-- Short descriptive text snippets --
━━━━━━━━━━━━━━━━

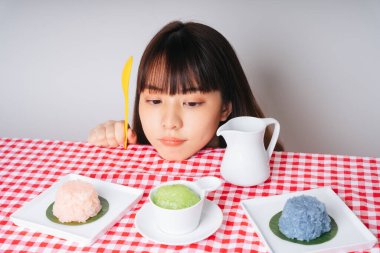 Sarı kaşık tutan genç Asyalı kadın pembe masadaki tatlı pirinç kaselerine bakıyor..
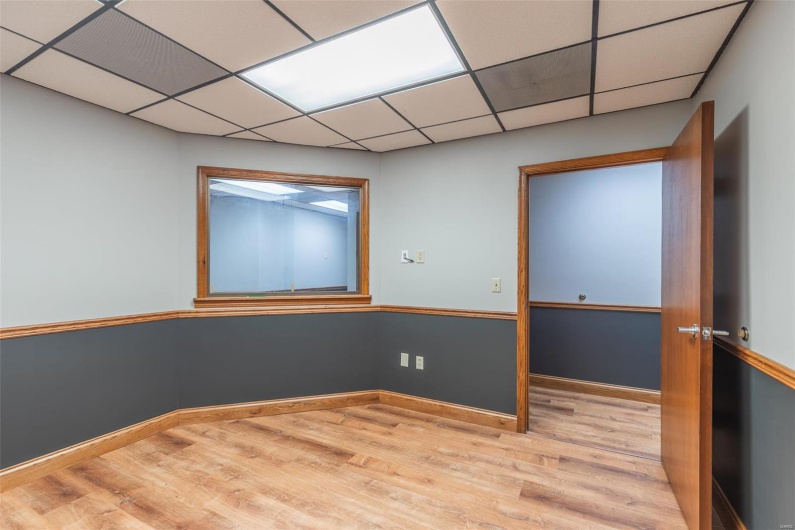 Spare room with light hardwood / wood-style flooring and a drop ceiling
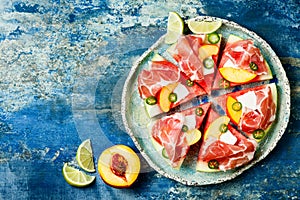 Fresh summer watermelon pizza with feta cheese, peach, prosciutto, jalapeno and honey drizzle on blue background.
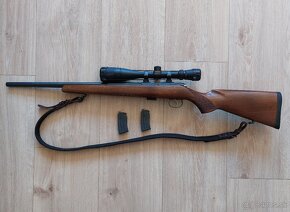 CZ-453 Varmint + Delta Optical Titanium 4-14x42 MilDot - 2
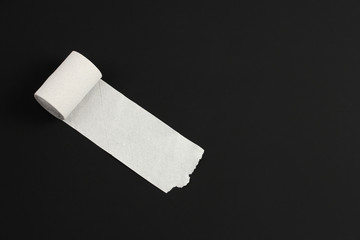 unrolled white toilet paper on black background, close-up, copy space, concept of notebook for...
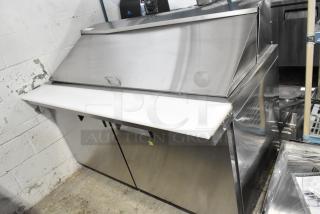 BRAND NEW SCRATCH AND DENT! 2024 Avantco 178APT60MHC 60" 2 Door Mega Top Refrigerated Sandwich Prep Table on Commercial Casters. 115 Volts, 1 Phase.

━━━━━━━━━━━━━━━━

-- Work task --
In the copy you write, the data above must appear exactly, with no pictures.

-- Answer to the exercise --
 Sarı kaşık tutan genç Asyalı kadın pembe masadaki tatlı pirinç kaselerine bakıyor..
 Spare room with light hardwood / wood-style flooring and a drop ceiling
 Fresh summer watermelon pizza with feta cheese, peach, prosciutto, jalapeno and honey drizzle on blue background.
 CZ-453 Varmint + Delta Optical Titanium 4-14x42 MilDot - 2
 unrolled white toilet paper on black background, close-up, copy space, concept of notebook for...
 BRAND NEW SCRATCH AND DENT! 2024 Avantco 178APT60MHC 60" 2 Door Mega Top Refrigerated Sandwich Prep Table on Commercial Casters. 115 Volts, 1 Phase.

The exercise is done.